Ether (ETH) is being locked up in decentralized finance contracts at an accelerating rate this year, while the amount held on centralized exchanges continues to fall.
On Friday, on-chain analytics provider Glassnode shared a chart comparing the number of Ether deposited in Ethereum-based smart contracts to the number of ETH held on centralized exchanges over the past 17 months.
Since the start of 2020, the share of supply represented by Ether on centralized exchanges has dropped more than a quarter, from roughly 17% to 12%.
Over the same period, the percentage of ETH locked in smart contracts has increased by three-quarters, from 13% to 22.8%, showing that DeFi is steadily eating into the centralized exchanges’ profits from Ethereum trading fees.
Figures from crypto data aggregator DeFi Llama suggest that ETH equivalent to roughly 9% of the supply is locked in smart contracts hosted by networks other than the Ethereum mainnet.
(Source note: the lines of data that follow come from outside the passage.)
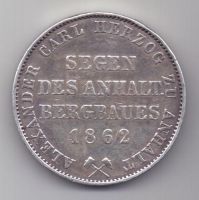 1 талер 1862 г. Анхальт. Германия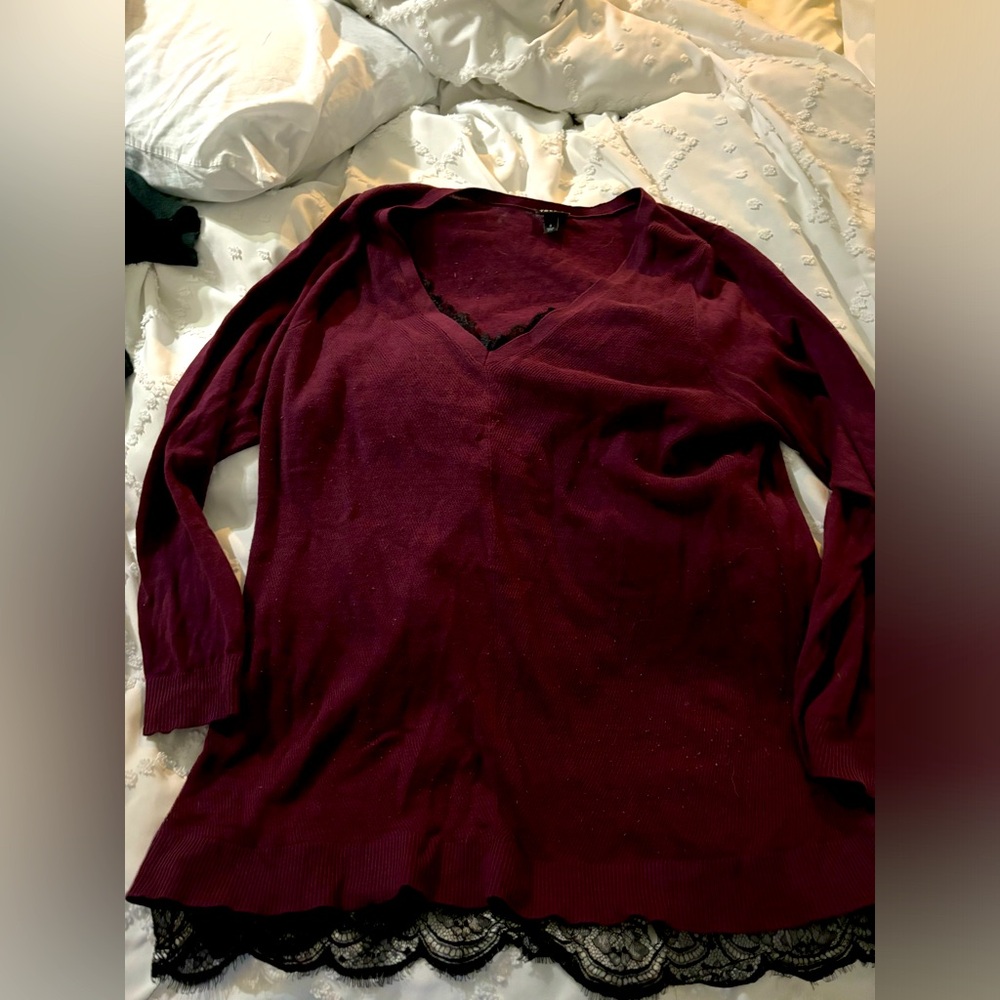 Torrid sweater. Lace trim. Purple. Size 3. SF/dog friendly home.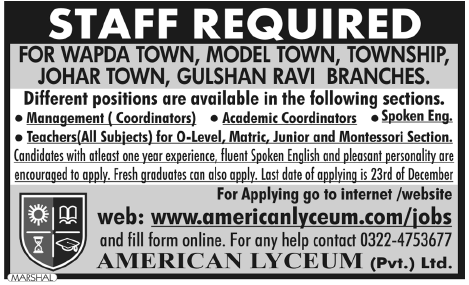 American Lyceum Pvt Ltd Required Staff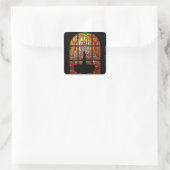 Buntglasjesus Quadratischer Aufkleber (Tasche)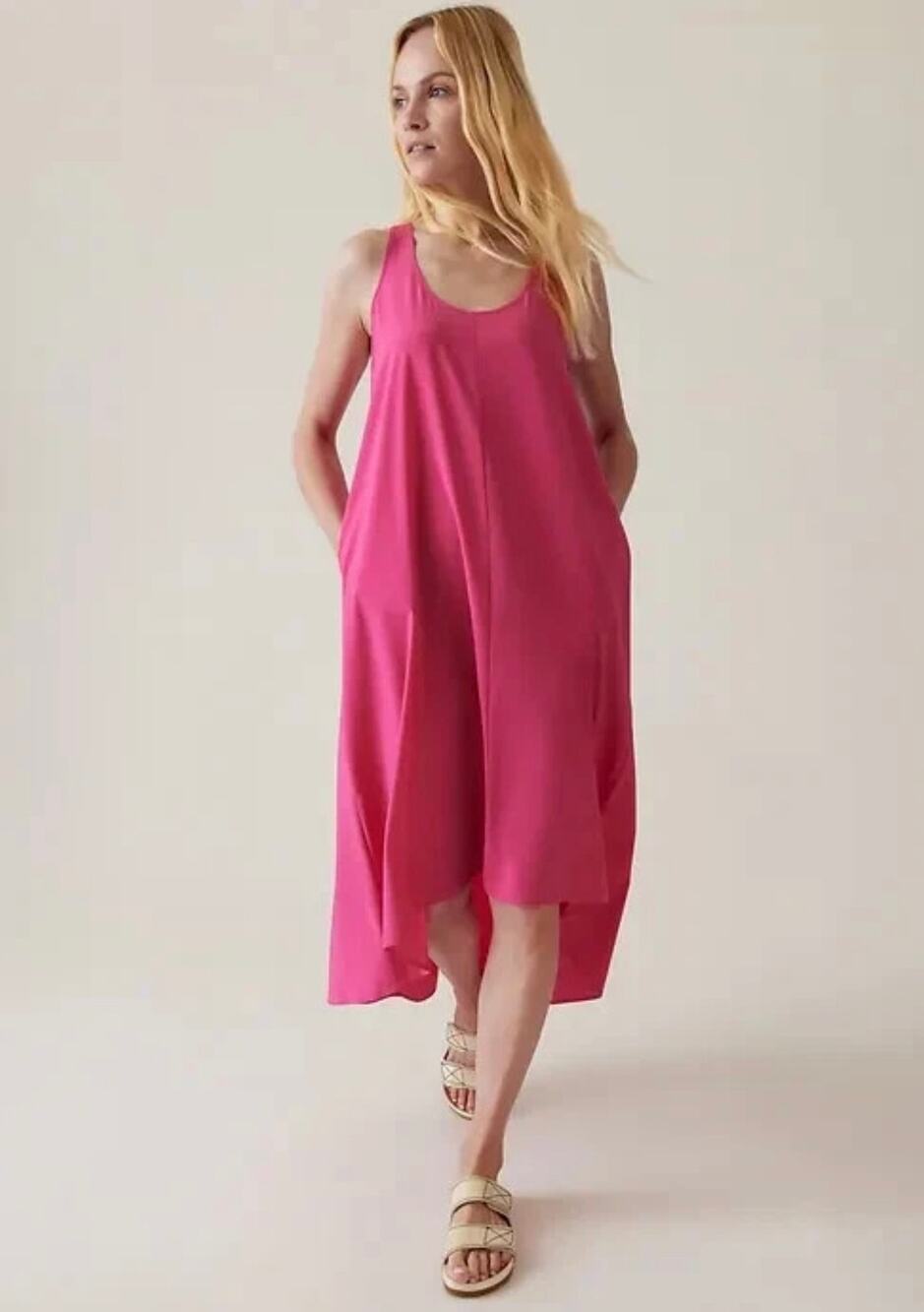 Athleta Sleeveless Racerback Lightweight High-Low Pink Presidio Dress S NEW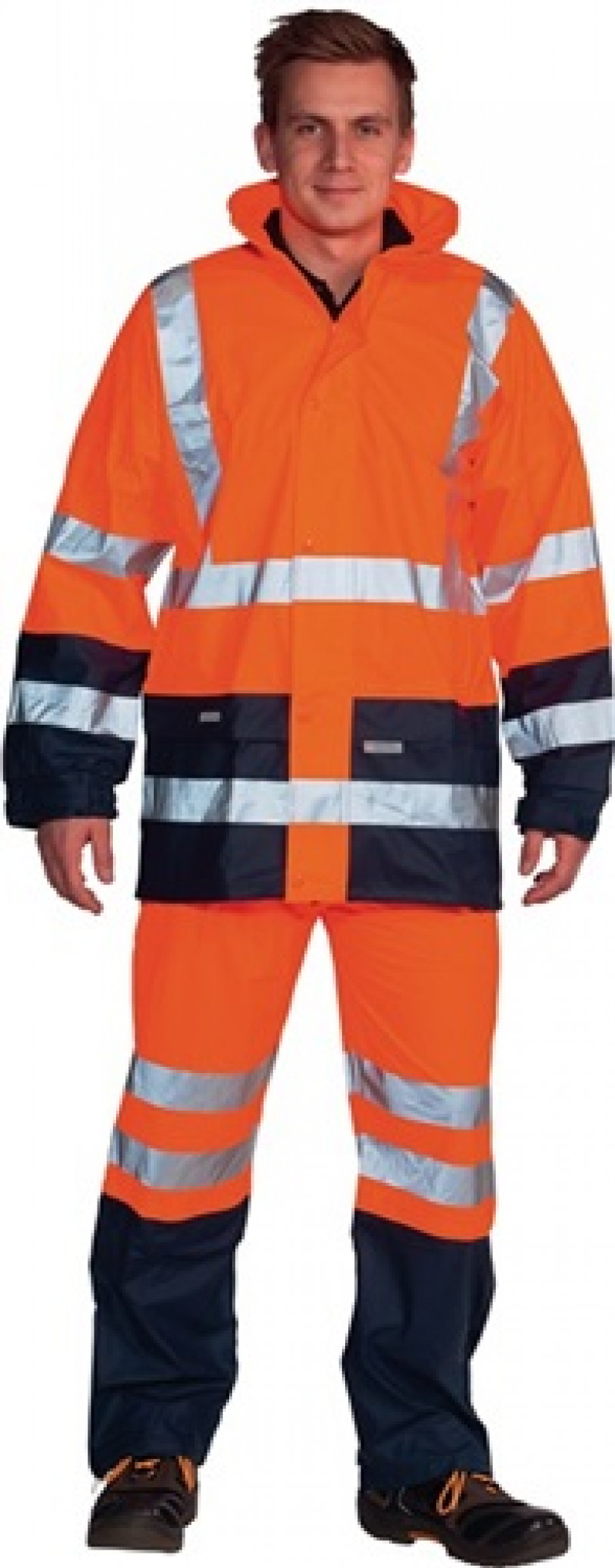 Regenjacke Warnschutz HIGH-VIS Gr. XXL orange/marine 75% PES/25%PUR OCEAN Regenjacke Warnschutz HIGH-VIS Gr. XXL orange/marine 75% PES/25%PUR OCEAN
DeFi Llama estimates that 8.3 million coins, or 7% of circulating Ether, are locked in Binance Smart Chain protocols, while 286,153 Ether, or 0.25% of the supply, is on Solana, and 103,902 ETH, or 0.09%, is on Avalanche. Roughly 1.6%, or 2.8 million Ether, is locked in other networks.
Ether’s dramatic rally into new all-time highs above $3,500 has renewed discussions of a "flippening" over Bitcoin (BTC), with Ether futures volumes briefly outpacing the BTC markets this week.